Search

3. Weighting schemes

This section describes how to use different weighting schemes when aggregating gridded data to data regions.

3.1 Why spatial weighting schemes matter

Taking the unweighted average of weather within a region can misrepresent what populations, firms, or other phenomena of interest are exposed to. For example, an unweighted annual average temperature for Canada is about -8°C, but most of the population and agricultural activity is in climate zones with mean temperatures over 6°C, and the urban heat island effect can raise temperatures by another 4°C. The time of year matters too, and you should consider a weighting scheme across days within a year, or even hours within a day.

As described in section Dealing with the spatial and temporal scales of economic processes, the scale of a phenomenon matters. Many processes occur at a more local scale than that which data is collected. The motivation for weighting is different for aggregation that represents averaged phenomena vs. phenomena that respond to averaged weather, and the sequence of analysis changes.

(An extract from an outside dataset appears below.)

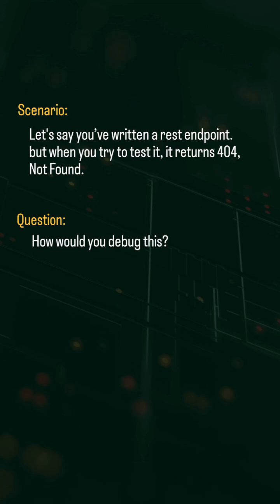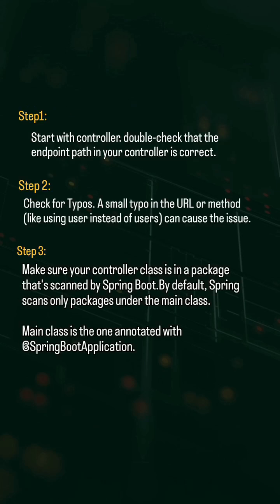This kind of question tests our debugging skills and approach to solving the problem. Personally, I have faced this issue. Have you ever faced it? If yes, comment the steps you've taken to resolve it. Let's see the steps.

In the first case, the phenomenon occurs locally, in response to local weather. In this case, we perform weighted aggregations to reflect the amount of the phenomenon in each location. For example, we would use population weighting to model the effects of heat on people. In this case, the order of operations is:

  1. Transform weather into the terms of the model specification.
  2. Average these transformed terms across space using a weighting scheme.

In the second case, the phenomenon occurs at a data region level, in response to averaged weather. In this case, the weighting scheme reflects the relative importance of weather in different regions to the whole. For example, weighting rainfall by the distance from a shore could be important to predict the declaration of states of emergency. The order of operations is:

  1. Average the weather across space using a weighting scheme.
  2. Transform the averaged weather to the model specification.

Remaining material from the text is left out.